> Exercise objective
Set down every line from the one containing "this 500×375 image." through the last line of the records below, exactly as written, and leave out the pictures.

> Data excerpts
◆ ◆ ◆ ◆ ◆

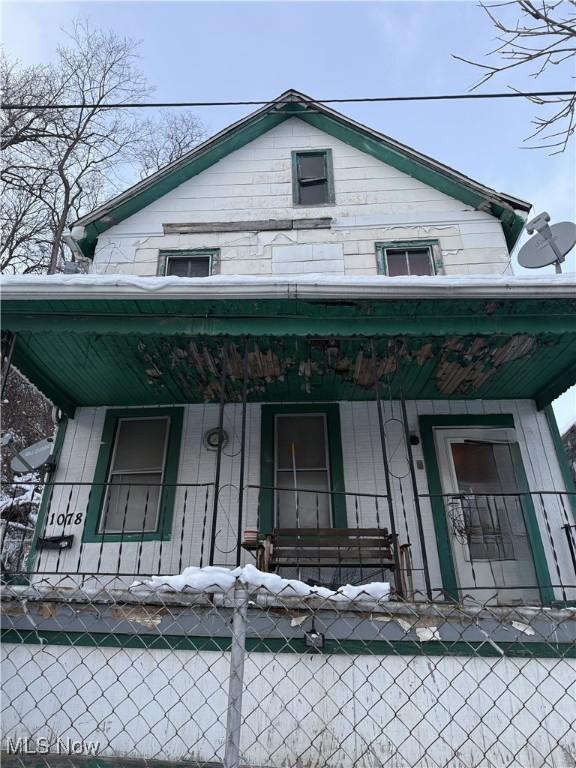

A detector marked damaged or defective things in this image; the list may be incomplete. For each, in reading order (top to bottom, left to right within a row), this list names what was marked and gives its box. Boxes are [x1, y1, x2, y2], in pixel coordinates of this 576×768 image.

damaged wood trim [162, 216, 332, 234]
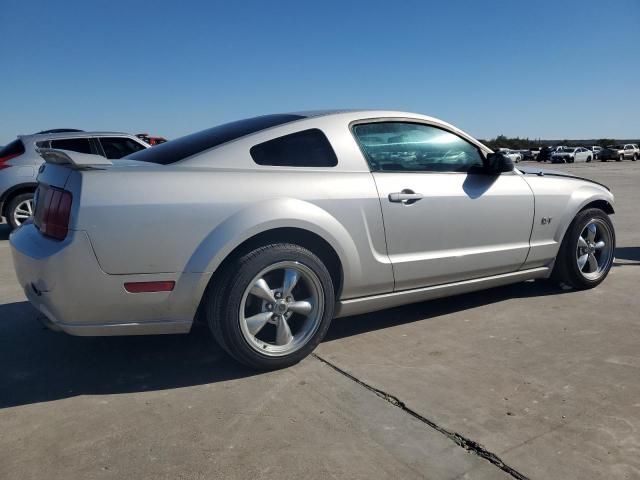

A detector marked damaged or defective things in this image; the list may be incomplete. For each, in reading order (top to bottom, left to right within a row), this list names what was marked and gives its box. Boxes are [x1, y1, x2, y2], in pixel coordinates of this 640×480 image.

crack in concrete [314, 352, 528, 480]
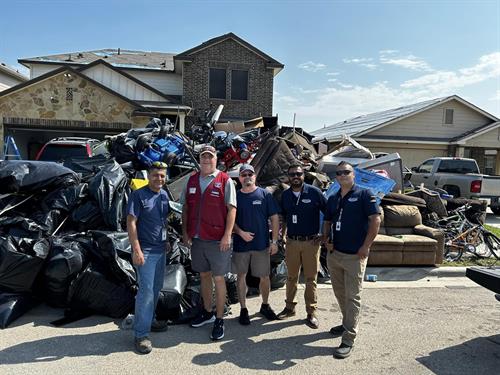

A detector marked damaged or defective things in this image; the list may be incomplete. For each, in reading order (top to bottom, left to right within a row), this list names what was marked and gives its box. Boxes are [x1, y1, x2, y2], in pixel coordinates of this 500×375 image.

damaged roof [19, 48, 176, 71]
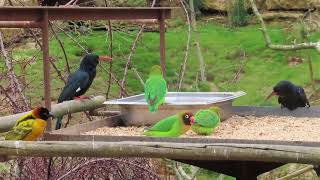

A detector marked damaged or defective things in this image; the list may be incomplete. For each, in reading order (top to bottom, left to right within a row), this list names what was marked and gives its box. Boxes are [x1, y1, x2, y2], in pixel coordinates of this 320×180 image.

rusty metal frame [0, 6, 172, 131]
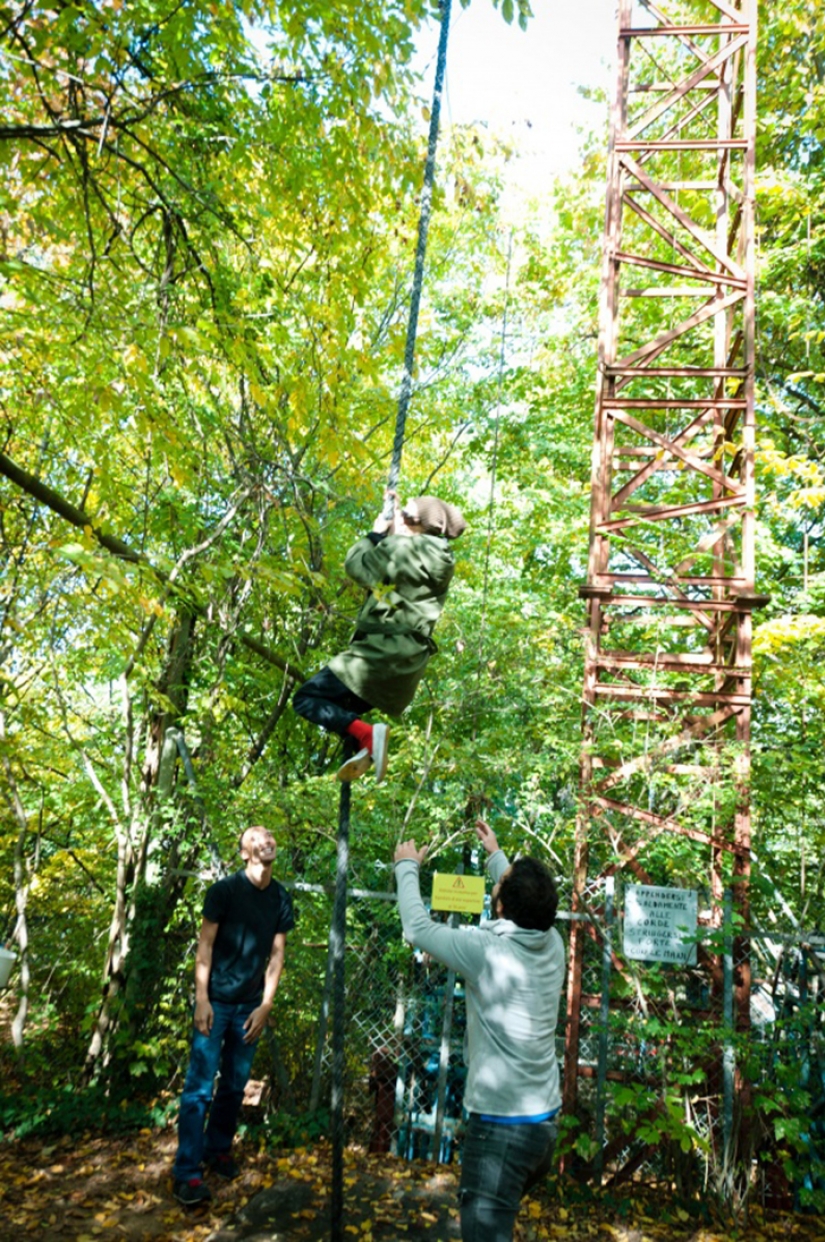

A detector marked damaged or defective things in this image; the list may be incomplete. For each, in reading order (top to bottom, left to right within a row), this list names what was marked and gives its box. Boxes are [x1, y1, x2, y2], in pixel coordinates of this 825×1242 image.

rusty lattice tower [566, 0, 760, 1127]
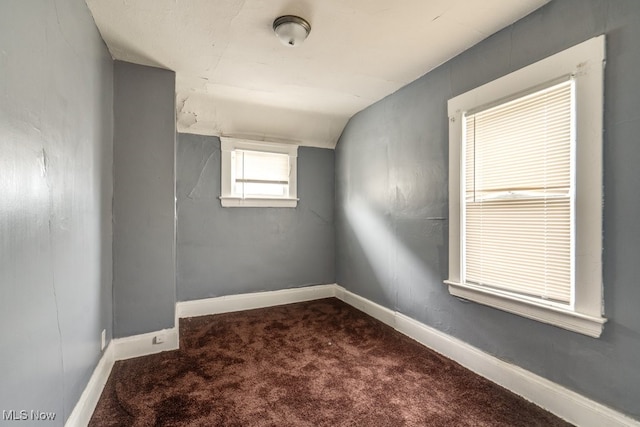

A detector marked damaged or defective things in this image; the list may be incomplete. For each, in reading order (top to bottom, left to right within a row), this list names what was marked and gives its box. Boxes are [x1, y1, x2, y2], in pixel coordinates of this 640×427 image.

◆ ◆ ◆ ◆ ◆

> Solution to this exercise
A detector marked damaged or defective things in this image; the list may be incomplete. For each, in reading order (top to bottom, left to right within a row), this list names what was marked and gives its box. Boxes are [x1, y1, x2, y2], in pixel coordinates of this 500×375 image.

damaged roof [19, 48, 176, 71]

A detector marked damaged or defective things in this image; the list may be incomplete. For each, in reading order (top to bottom, left to right within a row), this list names what was marked and gives its box. Boxes are [x1, y1, x2, y2], in pixel coordinates of this 320×180 image.

rusty metal frame [0, 6, 172, 131]

A detector marked damaged or defective things in this image; the list may be incomplete. For each, in reading order (top to bottom, left to right within a row), this list names what was marked and gives its box. Boxes are [x1, y1, x2, y2], in pixel coordinates of this 825×1242 image.

rusty lattice tower [566, 0, 760, 1127]

A detector marked damaged or defective things in this image; the list may be incomplete. For each, in reading order (top to bottom, left to right within a row), this list names what was marked and gives its box. Boxes are [x1, y1, x2, y2], in pixel coordinates of this 640×427 image.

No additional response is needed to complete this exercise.